There are no EPAK schools in the Charlotte area.  Looking for any interested in working out on occasion during the week (I drive to Columbia, SC on Monday's for private lessions) and most weekends.  I have visited the few schools that advertise EPAK instruction but nothing solid in NC, SC.

Please drop me line if interested.

Glenn Wallace
1st Brown (Meyer/Wedlake - Cappi/Planas lineage)
Waxhaw, NC


----------



## Atlanta-Kenpo (May 7, 2004)

Next time you see Mr. Myers tell him the gang from Atlanta said hello!  WOW, does that guy have energy or what?  FYI we are directly under Mr.
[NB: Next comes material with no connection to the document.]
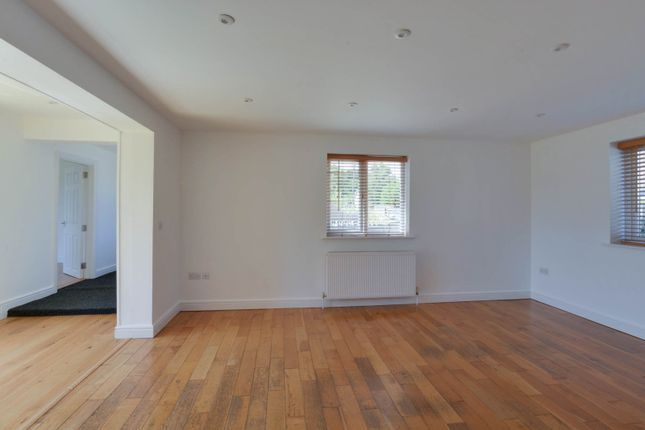35, Westlands Lane, Melksham photo 5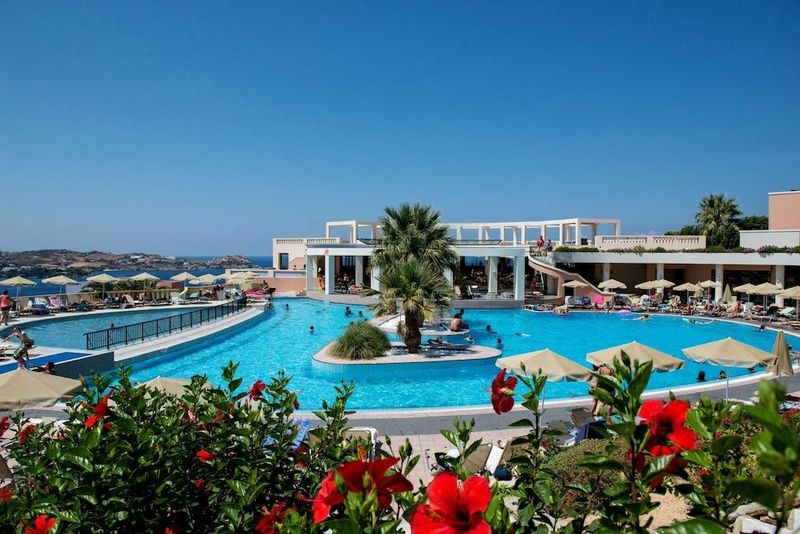 Athina Palace Resort & Spa - Image 7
Wedlake and he will be here in June 11 + 12 for a seminar.  You are welcome to attend if you wish.  

Our previous instructor/school owner does live in your area but I am not sure where.  I am sure if you ask Mr. Wedlake he will be able to give you his contact information.

Good Luck

Brian J Brown
Program Director/Lead Instructor
www.robertray.com


----------



## TwistofFat (May 7, 2004)

Brian,


Great to hear from you.  I have been to Mr. Ray's location a few years ago and would forward to attedning in June.  I will pass on your greating to Mr. Meyer - I am sure he will be happy to hear you are carry on Mr. Ray's tradition.

Glenn Wallace.


----------



## Atlanta-Kenpo (May 8, 2004)

Mr. Ray contacted us yesterday and I now have some contact information for you.  He is teaching again in your area and I am sure he is looking for students if you are interested.

phone # = 828.894.0650 
e-mail = mwallace@direcway.com


----------



## bellg427 (Jun 7, 2004)

I'm in Cornelius, NC.  I was also taught by Bruce Meyer and his son Paul when they had a school in Irmo, SC.  How is Bruce?

Gary


----------



## TwistofFat (Jun 9, 2004)

Gary,

Great to hear from you.  Bruce is doing very well and allows me to study with him once a week in Irmo.  I would be happy to pass on your greeting or I can give you his number if you want to drop me a line.  If you are ever interested in working out let me know (although I am in Waxhaw).

Regards - Glenn


----------